NEWSMAX
Government entitlement programs such as Social Security, Medicare, Medicaid, and unemployment insurance now equal 35 percent of all wages — up from 26 percent as recently as 2002 — pushing the United States toward “European territory.”
The recent increase in government assistance is due largely to the recession’s high unemployment, according to Madeline Schnapp, director of macroeconomic research at the investment research firm TrimTabs.
But she believes that even when unemployment declines, the 35 percent mark is not likely to drop very much.
“What would it take to bring the ratio of social welfare benefits to wages and salaries back to its pre-recession level of 26 percent?” she writes.
“Either wages and salaries would have to increase $2.3 trillion, or 35 percent, to $8.8 trillion, or social welfare benefits would have to decline $500 billion, or 23 percent, to $1.7 trillion.

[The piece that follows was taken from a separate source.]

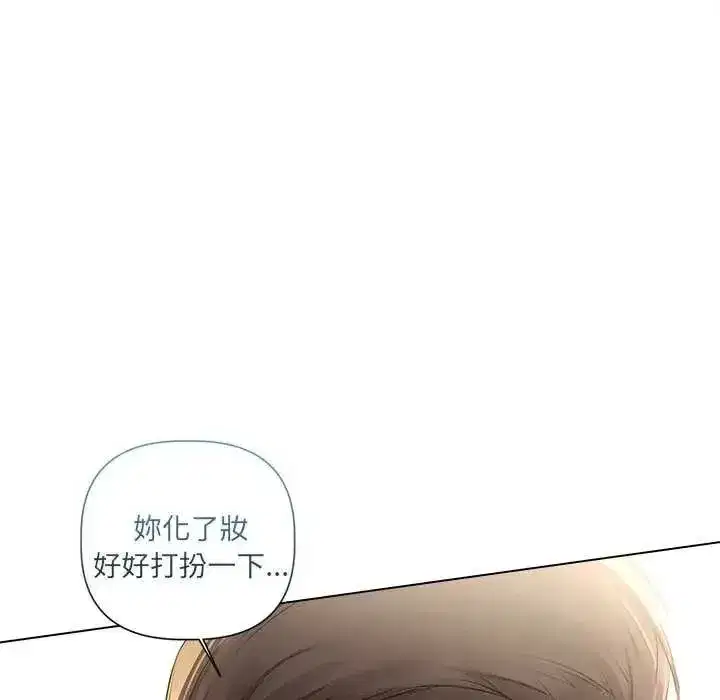 第68話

“Neither of these scenarios seems likely. The economy is not growing rapidly enough to generate extraordinary growth in wages and salaries, and the oldest of the 78 million Baby Boomers turn 65 this year and are eligible for Medicare.”
Commenting on Schnapp’s research, Daniel Indiviglio, associate editor of The Atlantic, notes that as baby boomers age they increasingly rely on government payments through programs like Social Security and Medicare. So even when the millions of jobless Americans do find work, the government unemployment insurance they no longer receive might go to increased benefits to seniors.
He writes: “At 35 percent, the U.S. is entering European territory. Schnapp says that transfer payments in the U.K. are currently around 44 percent of wages and salaries — but that's up from 36 percent in 2007, before the global recession hit.
“So if this ratio remains around 35 percent in the U.S. even after the unemployment rate declines, then the U.S. government's transfer payment burden will, indeed, begin to resemble that of a European welfare state.”